I'm Level 3 beginner but for fun I entered tack and turnout, in hand, first ridden, and level B clear round. The problem was though that they had about 20 entries for First Ridden.  They split us between the two arenas, one of which is smaller than the other.  I was in a group of 12 in the larger arena.  We all warmed up then lined up in the middle.  The exercise was 2 figure of 8s, the first in trot, the second in canter, trotting across the centre through a gap we had left between one lot of 6 horse and riders and the other, coming to a halt in the centre.

From the first rider setting off, to me setting off was 45 minutes.  The ponies and horses at the back end of it were literally asleep, so the exercise was rubbish.  I just wondered about other's experiences with this.  For £45 we were responsible for our horse or pony all day which is fine but I don't think many of us got the most out of the day because of they way that event was organised.  It might have been better to keep us all in one group and send us all down one by one to the smaller arena to warm up then come up individually to do the exercise and line up as we each finished.  I realise they have rosettes to give out but it was frustrating to have sat there for that long on a horse that had cooled down and nodded off. 

Any thoughts based on other experiences


----------



## Morgan123 (2 May 2017)

sounds like a pretty accurate representation of what showing classes are like in competitions to me!! In some local shows you'll have over 30 horses and it's a real snooze fest waiting for everyone to go. I don't bother for this reason. Obviously you can treat it as a learning experience from watching the other riders.

Are you in the US? In the UK first ridden are usually under 12.2, but you sound like you mgiht be in the States.....

I'm sure your riding school would appreciate your feedback though! But do bear in mind it's really hard to please everyone at these things.


----------



## HunkyDory (2 May 2017)

HI Morgan123...I support it is hard to please everyone.  I'm in the UK.  There are all sizes involved in these one day events at my RS.  It's to give riders and idea of what events are like and raise money for the pony club charity.


----------



## Shay (2 May 2017)

To be honest it sounds like the RS met at least one of their objectives - to give riders a taste of what competition is like!  For some low level competitions I have seen class sizes of 40 or 50.  If you are showing you are going to be in the ring for all that time and the horses will fall asleep.  Part of the art and ring craft of showing is to be able to wake the horse up quickly once you reach your turn.  (The other part is getting in the right place in the line so you don't have to wait that long!)  Showing classes at low levels can sometimes go on for hours.  45 minutes is actually a pretty average wait; especially as presumably you were not also doing conformation and trot up in that gap.
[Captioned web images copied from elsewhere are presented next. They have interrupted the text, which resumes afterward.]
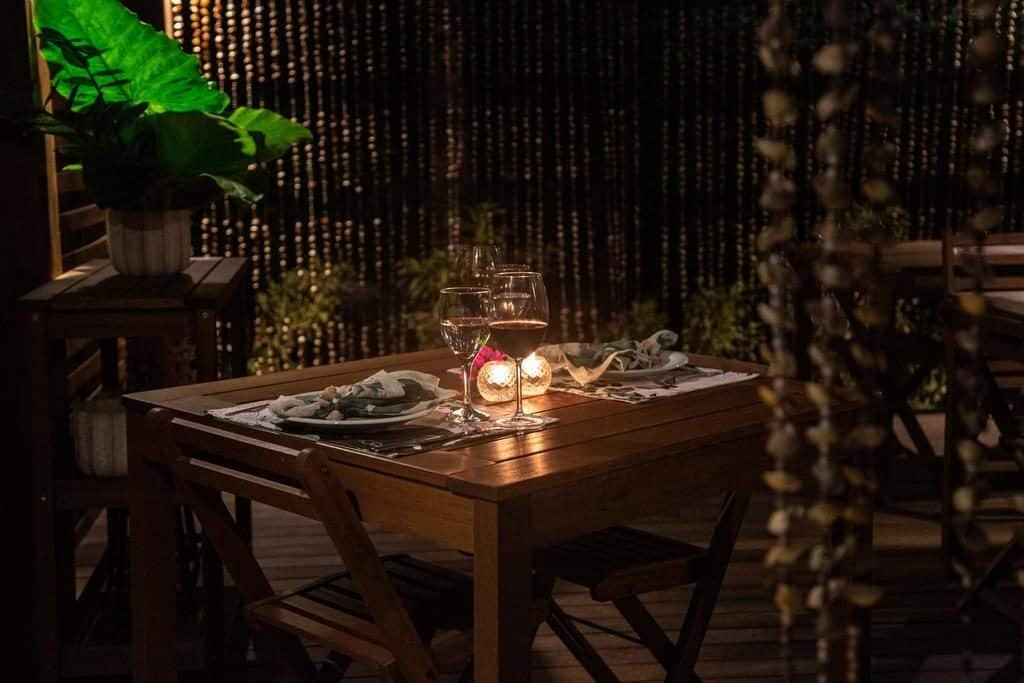 Mesa com duas taças no restaurante do Hotel Dolphin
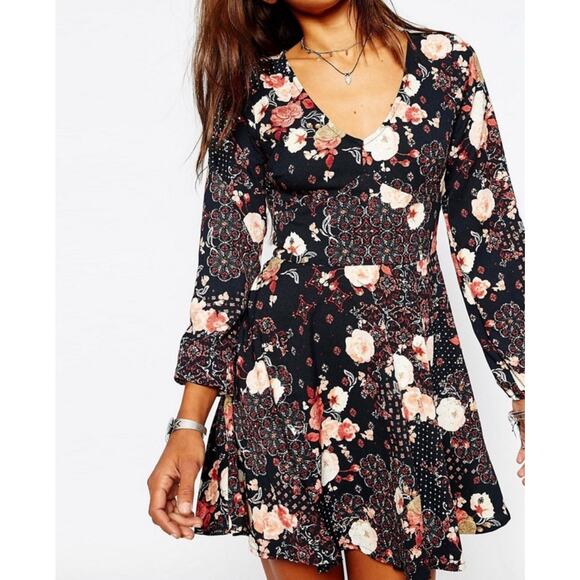 Abercrombie & Fitch Dresses & Skirts - Abercrombie & Fitch long sleeve v-neck flare dress size XSmall, new without tags
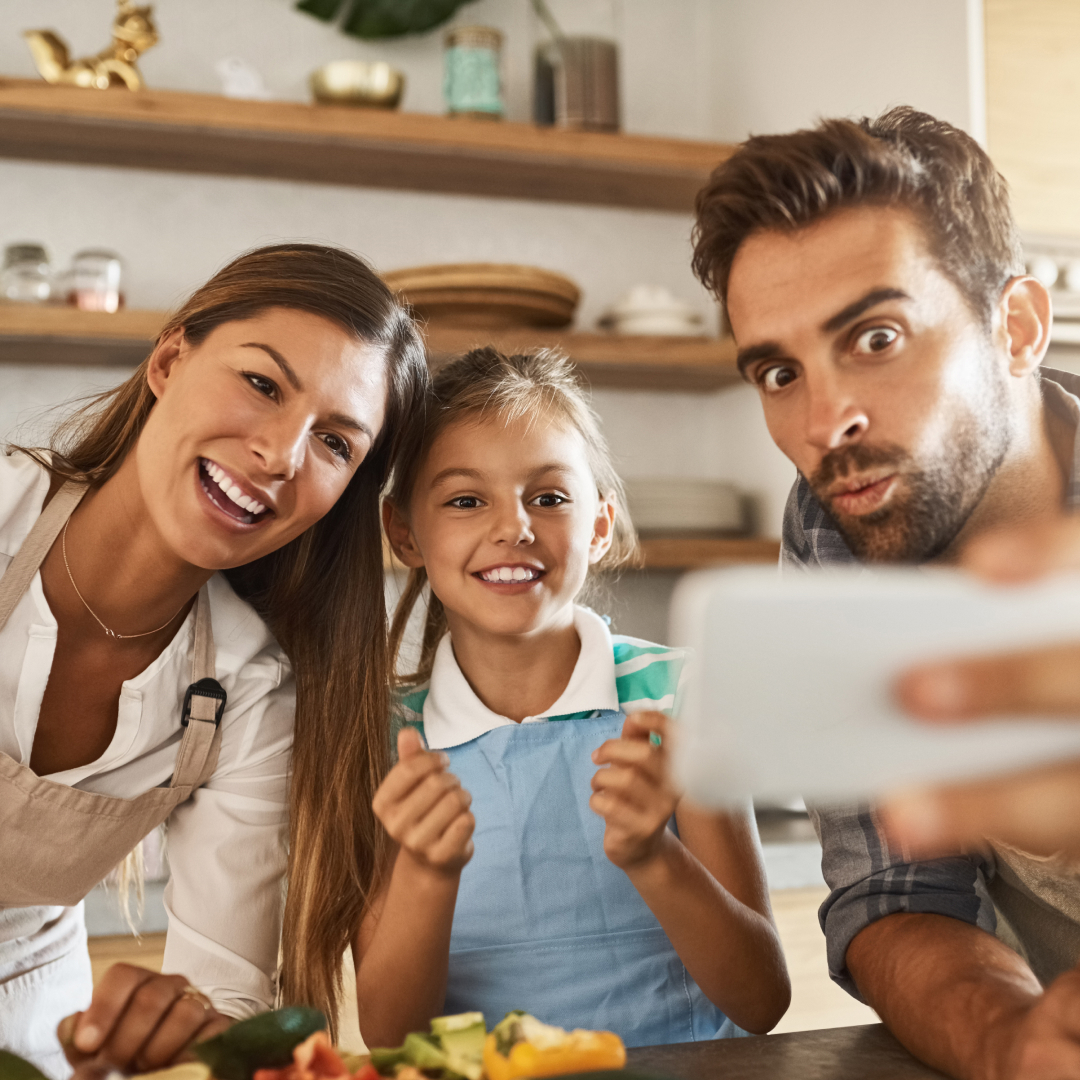 3 personnes en famille qui font un selfie à la maison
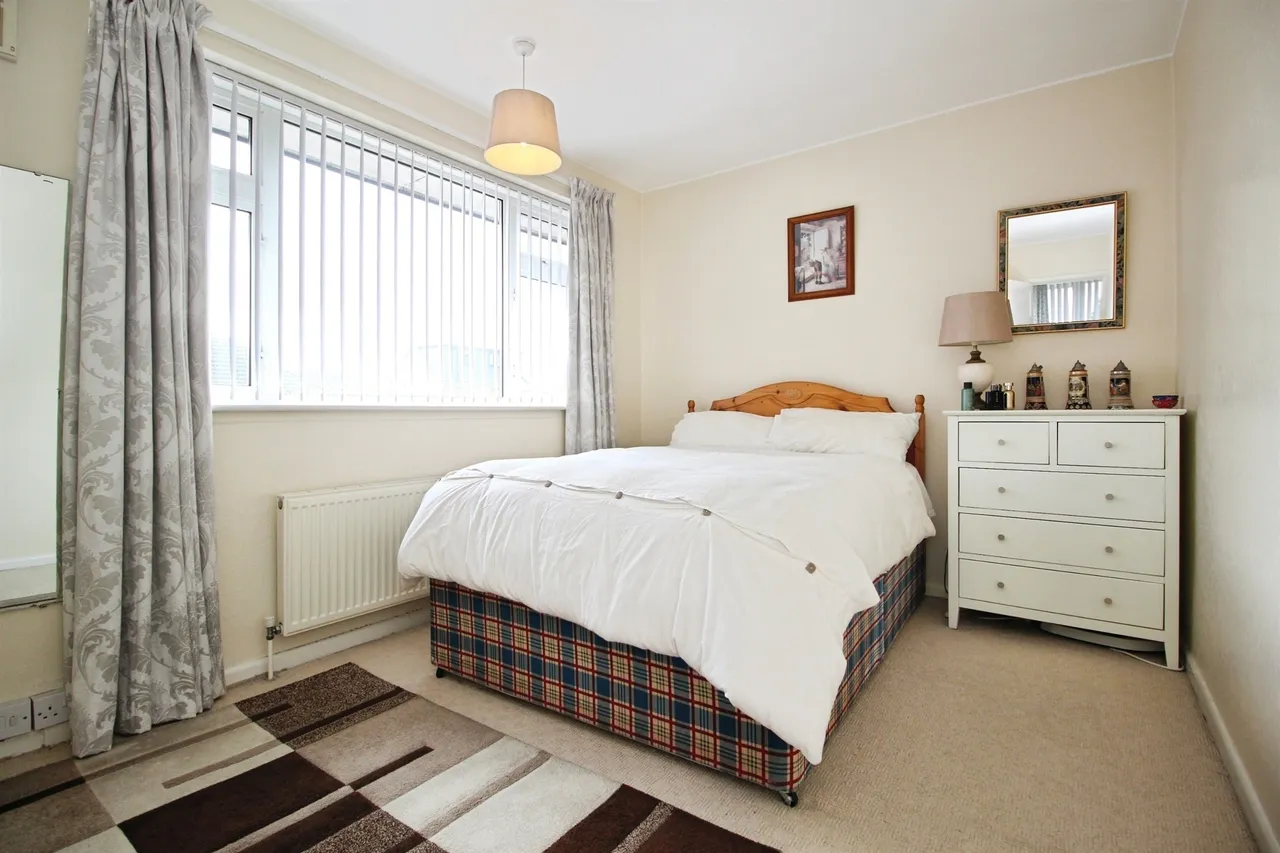 Ring Road, Middleton, Leeds, photo 8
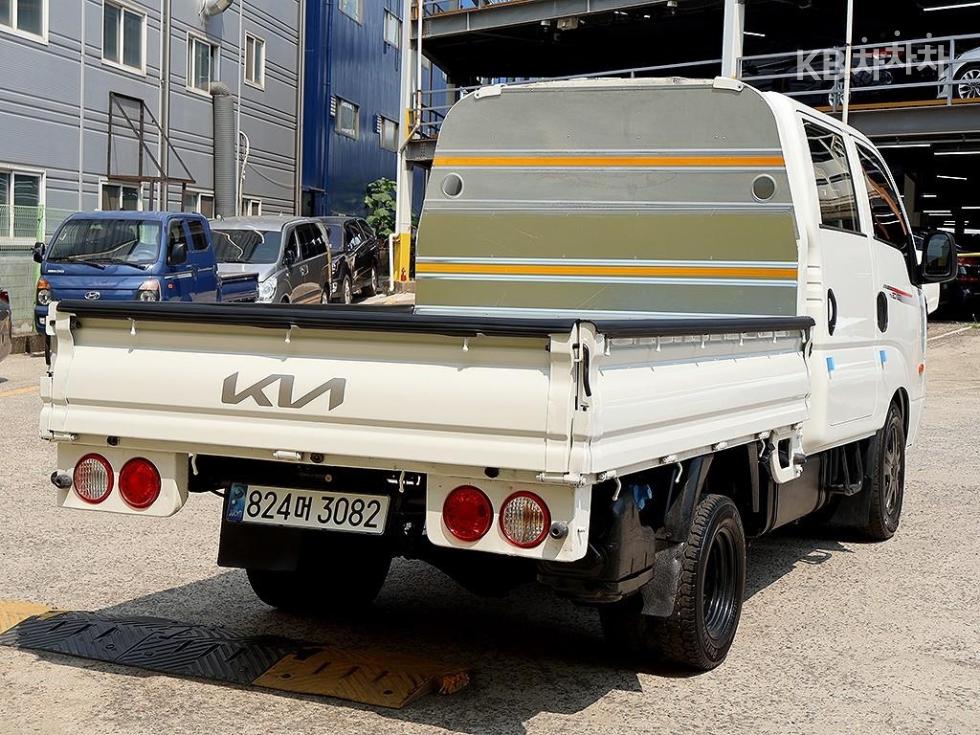 2023 - kia bongo iii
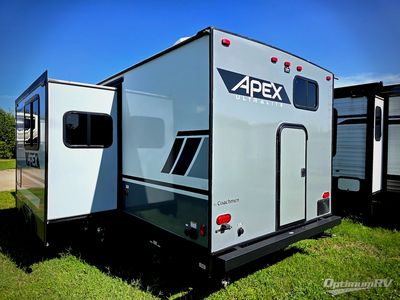 2022 Coachmen Apex Ultra-Lite — rear three-quarter view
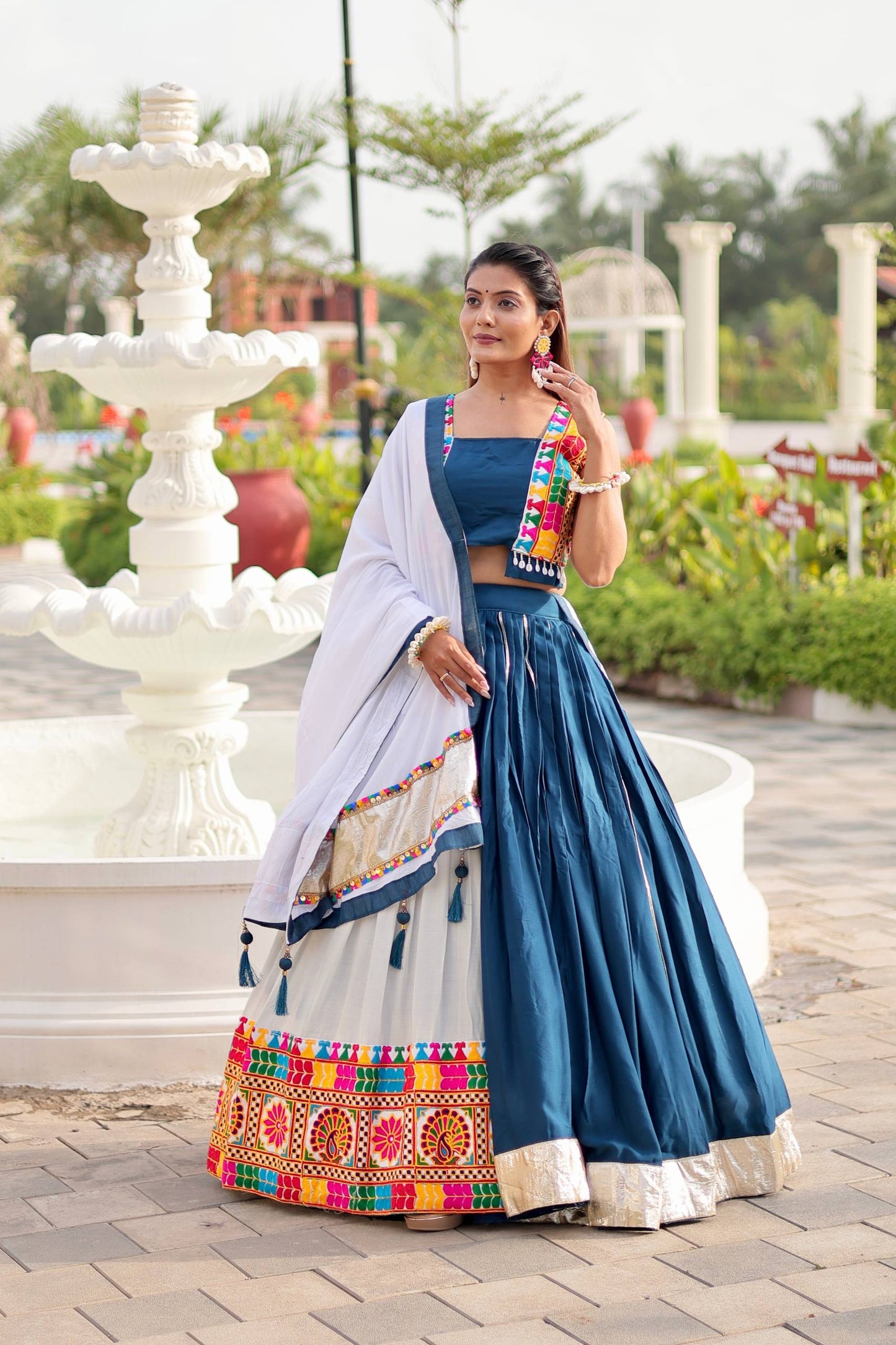 Naina’s Traditional Mirror Embroidered Navratri Lahenga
As has already been said I'm sure the RS would appreciate your feedback.  Organizing any event is quite a feat and I've run a few of these charity fun show type things over the years - both in an RS setting and in a PC setting.  Be gentle with them - it is immensely challenging and not everything will have gone to plan.


----------



## HunkyDory (3 May 2017)

Showing won't be my thing, then!  lol  They all worked really hard and it was a Bank Holiday so they were all volunteering.  Think I'll stick to dressage if they do it again and some low level jumping, unless I manage to reach advanced rider stage before the next one in August.  Unless there were monsters about to eat the horse I was riding, he wasn't going to break into a canter for all the carrots in the world   I know, if I have him again in a lesson next week, he'll be working like a dream because he'll be awake and listening.  

Oh well.  It was lovely for the littluns on the Shetlands and ponies.  They were very cute.  I loved watching them.  Some ponies were still caked in mud but had very pretty plaits and ribbon, as did their dinky riders who were chuffed to bits to get their rosettes


----------